:: Recorded data ::
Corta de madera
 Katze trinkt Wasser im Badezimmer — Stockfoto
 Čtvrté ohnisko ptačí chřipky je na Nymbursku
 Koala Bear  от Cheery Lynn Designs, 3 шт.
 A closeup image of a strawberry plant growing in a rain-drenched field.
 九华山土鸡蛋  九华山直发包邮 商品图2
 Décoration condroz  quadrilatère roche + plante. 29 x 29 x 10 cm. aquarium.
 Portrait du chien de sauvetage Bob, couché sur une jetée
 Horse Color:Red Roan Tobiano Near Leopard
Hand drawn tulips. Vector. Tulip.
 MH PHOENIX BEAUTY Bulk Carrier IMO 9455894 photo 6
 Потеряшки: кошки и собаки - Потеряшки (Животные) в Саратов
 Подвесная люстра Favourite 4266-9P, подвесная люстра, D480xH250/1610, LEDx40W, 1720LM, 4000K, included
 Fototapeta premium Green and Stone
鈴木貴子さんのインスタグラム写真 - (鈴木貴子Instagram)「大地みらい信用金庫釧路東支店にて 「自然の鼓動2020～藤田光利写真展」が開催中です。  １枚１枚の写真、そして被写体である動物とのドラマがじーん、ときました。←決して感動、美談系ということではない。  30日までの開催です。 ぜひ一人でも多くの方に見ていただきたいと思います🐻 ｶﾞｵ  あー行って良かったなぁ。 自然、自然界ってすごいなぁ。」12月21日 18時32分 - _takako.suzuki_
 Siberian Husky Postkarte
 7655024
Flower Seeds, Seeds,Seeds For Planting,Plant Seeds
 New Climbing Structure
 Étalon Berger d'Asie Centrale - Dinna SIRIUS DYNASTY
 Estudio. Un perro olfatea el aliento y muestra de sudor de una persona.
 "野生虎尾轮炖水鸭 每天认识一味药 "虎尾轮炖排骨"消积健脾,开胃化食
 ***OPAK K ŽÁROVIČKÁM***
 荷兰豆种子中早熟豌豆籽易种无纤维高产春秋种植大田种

:: Task prompt ::
The full data, transcribed without change, is the expected answer.

:: Exercise response ::
Corta de madera
 Katze trinkt Wasser im Badezimmer — Stockfoto
 Čtvrté ohnisko ptačí chřipky je na Nymbursku
 Koala Bear  от Cheery Lynn Designs, 3 шт.
 A closeup image of a strawberry plant growing in a rain-drenched field.
 九华山土鸡蛋  九华山直发包邮 商品图2
 Décoration condroz  quadrilatère roche + plante. 29 x 29 x 10 cm. aquarium.
 Portrait du chien de sauvetage Bob, couché sur une jetée
 Horse Color:Red Roan Tobiano Near Leopard
Hand drawn tulips. Vector. Tulip.
 MH PHOENIX BEAUTY Bulk Carrier IMO 9455894 photo 6
 Потеряшки: кошки и собаки - Потеряшки (Животные) в Саратов
 Подвесная люстра Favourite 4266-9P, подвесная люстра, D480xH250/1610, LEDx40W, 1720LM, 4000K, included
 Fototapeta premium Green and Stone
鈴木貴子さんのインスタグラム写真 - (鈴木貴子Instagram)「大地みらい信用金庫釧路東支店にて 「自然の鼓動2020～藤田光利写真展」が開催中です。  １枚１枚の写真、そして被写体である動物とのドラマがじーん、ときました。←決して感動、美談系ということではない。  30日までの開催です。 ぜひ一人でも多くの方に見ていただきたいと思います🐻 ｶﾞｵ  あー行って良かったなぁ。 自然、自然界ってすごいなぁ。」12月21日 18時32分 - _takako.suzuki_
 Siberian Husky Postkarte
 7655024
Flower Seeds, Seeds,Seeds For Planting,Plant Seeds
 New Climbing Structure
 Étalon Berger d'Asie Centrale - Dinna SIRIUS DYNASTY
 Estudio. Un perro olfatea el aliento y muestra de sudor de una persona.
 "野生虎尾轮炖水鸭 每天认识一味药 "虎尾轮炖排骨"消积健脾,开胃化食
 ***OPAK K ŽÁROVIČKÁM***
 荷兰豆种子中早熟豌豆籽易种无纤维高产春秋种植大田种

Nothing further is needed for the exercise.